Did you ever get a resolution to this issue? I've just got done dealing with a very similiar meltdown. Luckily it was non-prod, but it took out two stacked enclosures of database VMs. It happened three times in the course of a week and was only solved (temporaily) by rebuilding the domain. This has not affected any other enclosures (15 in total.)
While investigating the issue, with HP's "help", I noticed several thing.
- On the second occurance, I noticed the stacking links were done within and to the subordinate enclosure. On the third occurrance, the stacking links AND all internal links (bay 1 x7 to bay 2 x7, x8 to x8) were down.
- During the second Virtual Connect (VC) rebuild, all networking went down while applying any profile to one of the bays. Removed the profile and reset the VC resolved the issue in about 10 minutes. This was repeatable at will. To test if this was an issue with the blade or the bay, I swapped blades between the bay and different bay, and tested again. This time I had no problems with either.
- After one rebuild, I recovered the primary enclosure and then moved a blade (more memory) from the secondary enclosure into a free slot in the primary enclosure (different blades from previous failure). When I powered the blade on, the networking (all links) went down. I powered down and pull the blade, reset VC, and was back up in about 10 minutes.
- During the final recovery attempt, I separated the enclosures into separate domain. However, I still had no internal links.

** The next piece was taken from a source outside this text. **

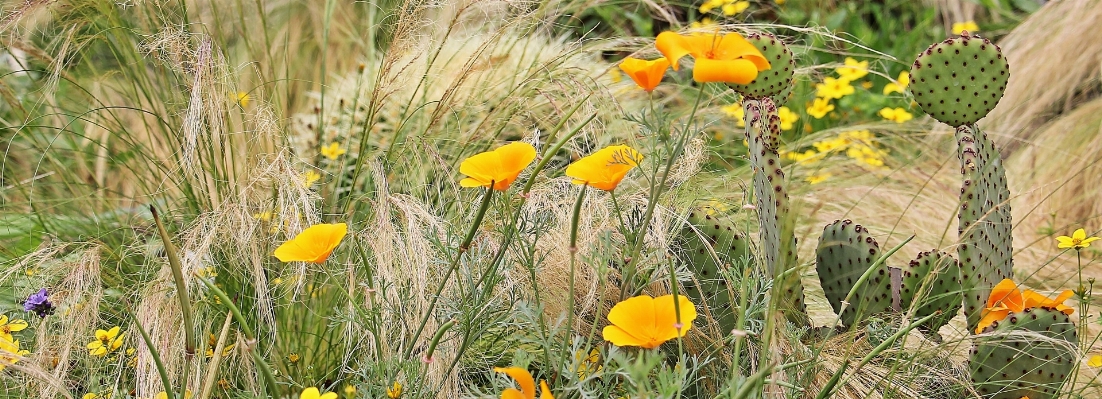 Foto Natureza cacto
 plantar campo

Since we had issues whether blades were turned on or off, we ruled out VMware and turned our attention to possibly the enclosures firmware. We were running v3.70 on both the OAs and VCs for several months. When I down rev'd the FW to v3.60, our internal links came back up and we rebuilt the enclosures as two separate domains. We're at 27hrs and counting since the rebuild and are crossing our fingers.

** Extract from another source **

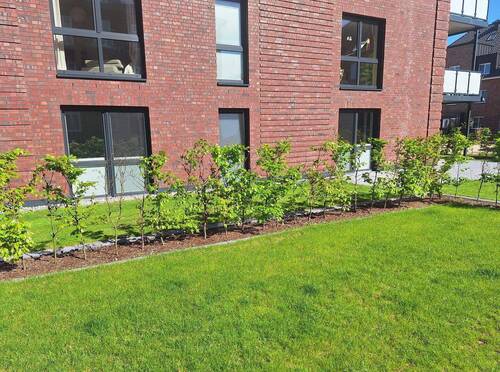 Bild 5 -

Here is the configuration. Both enclosures are identical
All blades: vSphere ESXi v5.0 U2. Patches current thru Dec 2012 release.
Network: one dVS with A and B side pnics. Different port groups on different VLANs for mgmt and data
c7000 blade chasis
32x BL490c G7 hosts (boot from 4GB SD)
OA Firmware - 3.70
2x VC Flex-10 10Gb/24-Port Module per enclosure
VC Flex-10 Firmware - 3.70 (before down rev to v3.60)
4x VC 8Gb 24-Port FC Module per enclosure
VC SAN Firmware - 1.04 v6.1.0_55
Emulex NC553i 10Gb 2-port FlexFabric Converged Adapter
Firmware - 4.1.402.20
be2net driver - 4.1.334.0
Network access is to a pair of Nexus 5K's with two etherchannelled 10GB links to each side. Presented to two pnics per blade. Both enclosures shared this connection
.
Thanks in advanced!